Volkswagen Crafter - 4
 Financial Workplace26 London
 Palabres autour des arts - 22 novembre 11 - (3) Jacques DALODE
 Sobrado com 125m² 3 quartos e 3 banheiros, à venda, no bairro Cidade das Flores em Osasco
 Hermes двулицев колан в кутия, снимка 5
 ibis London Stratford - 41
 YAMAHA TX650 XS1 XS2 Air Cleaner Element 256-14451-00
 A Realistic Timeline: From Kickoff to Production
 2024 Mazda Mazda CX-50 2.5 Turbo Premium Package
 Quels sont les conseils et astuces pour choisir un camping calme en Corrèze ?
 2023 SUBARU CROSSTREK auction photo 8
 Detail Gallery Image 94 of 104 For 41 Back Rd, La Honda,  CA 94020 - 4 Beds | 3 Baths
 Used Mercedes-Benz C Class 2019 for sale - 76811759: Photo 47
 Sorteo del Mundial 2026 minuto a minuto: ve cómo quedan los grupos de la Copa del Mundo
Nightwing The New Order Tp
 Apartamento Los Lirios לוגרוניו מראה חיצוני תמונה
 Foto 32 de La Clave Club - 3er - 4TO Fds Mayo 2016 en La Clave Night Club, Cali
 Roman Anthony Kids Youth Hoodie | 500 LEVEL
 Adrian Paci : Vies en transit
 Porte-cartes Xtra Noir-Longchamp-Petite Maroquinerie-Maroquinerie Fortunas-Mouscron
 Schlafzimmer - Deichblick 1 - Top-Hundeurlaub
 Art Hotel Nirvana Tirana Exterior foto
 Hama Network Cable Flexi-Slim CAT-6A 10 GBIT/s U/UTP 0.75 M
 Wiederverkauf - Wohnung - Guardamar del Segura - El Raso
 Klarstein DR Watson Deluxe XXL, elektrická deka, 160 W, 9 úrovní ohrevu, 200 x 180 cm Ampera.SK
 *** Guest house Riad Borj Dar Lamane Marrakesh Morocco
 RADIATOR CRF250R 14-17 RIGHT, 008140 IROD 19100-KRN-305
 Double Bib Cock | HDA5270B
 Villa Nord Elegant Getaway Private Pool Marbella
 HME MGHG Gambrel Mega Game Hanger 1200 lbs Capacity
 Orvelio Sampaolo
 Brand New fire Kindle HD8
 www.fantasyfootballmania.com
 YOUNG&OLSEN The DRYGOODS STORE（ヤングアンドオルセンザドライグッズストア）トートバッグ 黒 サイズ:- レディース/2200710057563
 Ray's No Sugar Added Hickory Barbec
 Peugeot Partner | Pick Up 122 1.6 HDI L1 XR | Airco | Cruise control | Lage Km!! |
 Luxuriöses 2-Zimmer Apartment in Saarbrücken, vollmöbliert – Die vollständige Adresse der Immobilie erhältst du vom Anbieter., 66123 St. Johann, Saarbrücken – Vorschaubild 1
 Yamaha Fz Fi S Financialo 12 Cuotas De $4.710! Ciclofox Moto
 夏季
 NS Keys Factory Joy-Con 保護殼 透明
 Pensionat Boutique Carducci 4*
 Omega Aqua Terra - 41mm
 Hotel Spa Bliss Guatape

========================================================================

Given the records above, restate word for word only the lines starting at the one with "Nightwing The New Order Tp" and ending at the one with "Ray's No Sugar Added Hickory Barbec".

◆ **Written reply**:
Nightwing The New Order Tp
 Apartamento Los Lirios לוגרוניו מראה חיצוני תמונה
 Foto 32 de La Clave Club - 3er - 4TO Fds Mayo 2016 en La Clave Night Club, Cali
 Roman Anthony Kids Youth Hoodie | 500 LEVEL
 Adrian Paci : Vies en transit
 Porte-cartes Xtra Noir-Longchamp-Petite Maroquinerie-Maroquinerie Fortunas-Mouscron
 Schlafzimmer - Deichblick 1 - Top-Hundeurlaub
 Art Hotel Nirvana Tirana Exterior foto
 Hama Network Cable Flexi-Slim CAT-6A 10 GBIT/s U/UTP 0.75 M
 Wiederverkauf - Wohnung - Guardamar del Segura - El Raso
 Klarstein DR Watson Deluxe XXL, elektrická deka, 160 W, 9 úrovní ohrevu, 200 x 180 cm Ampera.SK
 *** Guest house Riad Borj Dar Lamane Marrakesh Morocco
 RADIATOR CRF250R 14-17 RIGHT, 008140 IROD 19100-KRN-305
 Double Bib Cock | HDA5270B
 Villa Nord Elegant Getaway Private Pool Marbella
 HME MGHG Gambrel Mega Game Hanger 1200 lbs Capacity
 Orvelio Sampaolo
 Brand New fire Kindle HD8
 www.fantasyfootballmania.com
 YOUNG&OLSEN The DRYGOODS STORE（ヤングアンドオルセンザドライグッズストア）トートバッグ 黒 サイズ:- レディース/2200710057563
 Ray's No Sugar Added Hickory Barbec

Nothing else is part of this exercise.